= Slash Need =

Canadian industrial electropunk band

Slash Need is a Canadian industrial electropunk band from Toronto, Ontario, who released their debut album Sit & Grin in 2025.

The band's core members are Dusty Lee and Alex Low, with dancers Camille Jodoin-Eng and Stella Tago performing with the band. Lee and Low first met when they were working at Double Double Land, an underground art and performance venue in Toronto, and formed the band in 2018 with a friend and other founding member Maggie Smith.

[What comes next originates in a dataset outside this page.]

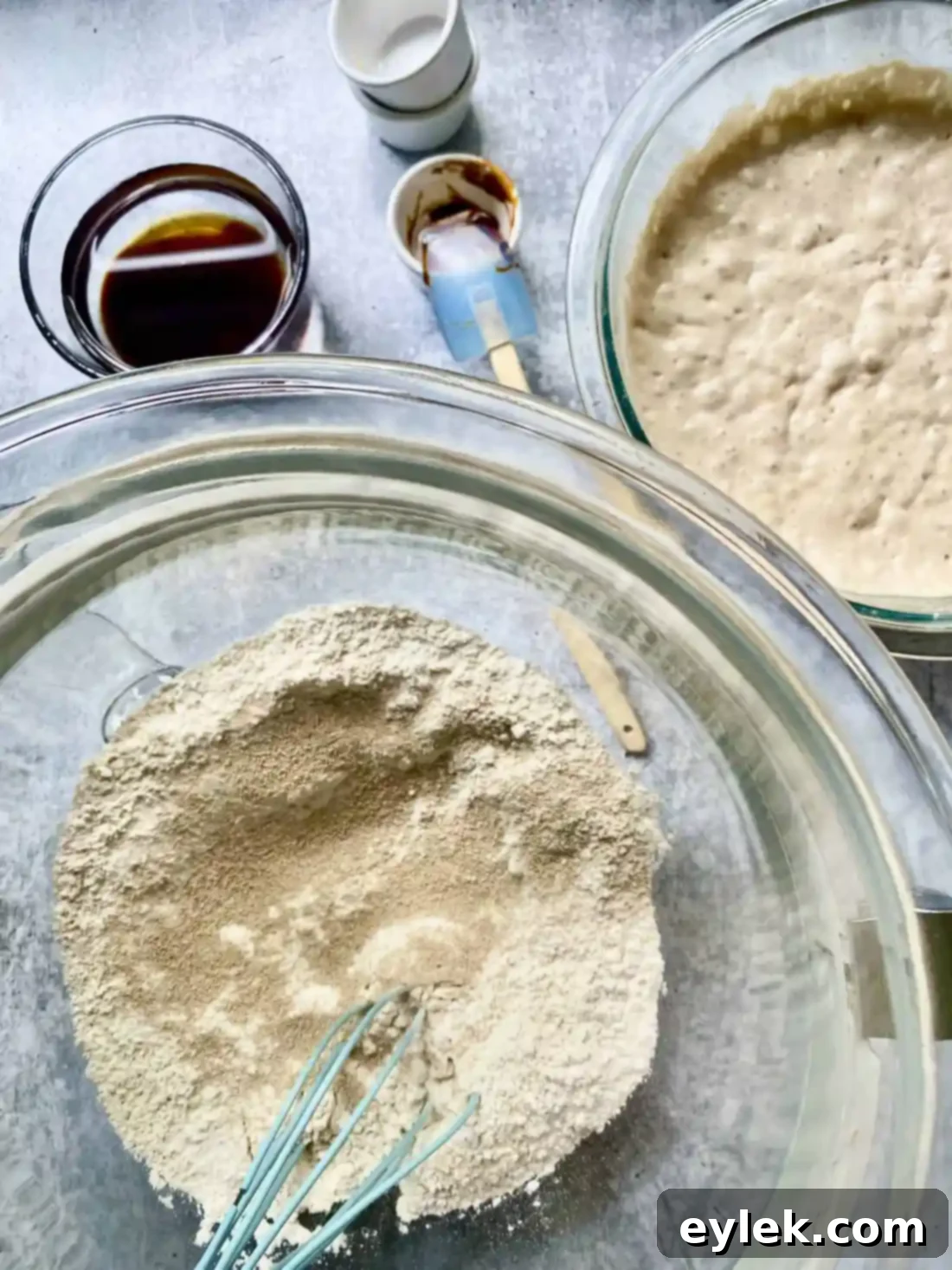 Homemade Steamed Chewy Bagels - Dry Ingredients
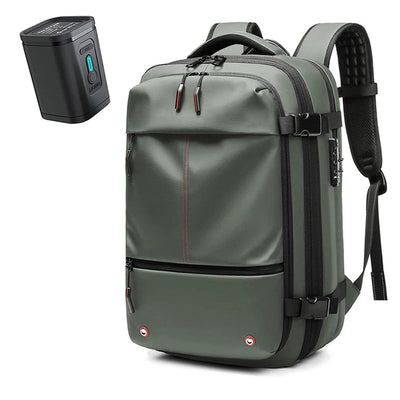 Travel Men 17 inch Laptop Backpack vacuum compression Backpack Business Large Capacity school Backpack expand outdoor backpack Soldes-ShopOnline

The name was chosen after one of Low's text responses to Lee's list of band name ideas was "whatever you want slash need", thus Lee coined the name Slash Need while the inclusion of dancers in their live show was inspired after Lee watched old videos of The Hidden Cameras performing at Will Munro's Vazaleen club night.

In 2024 the band performed at Bruce LaBruce's annual underground Toronto International Film Festival party at the Bovine Sex Club, and in 2025 they performed at SXSW. They performed extensively at music festivals in 2025, prior to releasing Sit & Grin on October 21. They promoted the album with further festival appearances, including at Pop Montreal and Lawnya Vawnya, as well as a full tour of Europe.

Sit & Grin was longlisted for the 2026 Polaris Music Prize.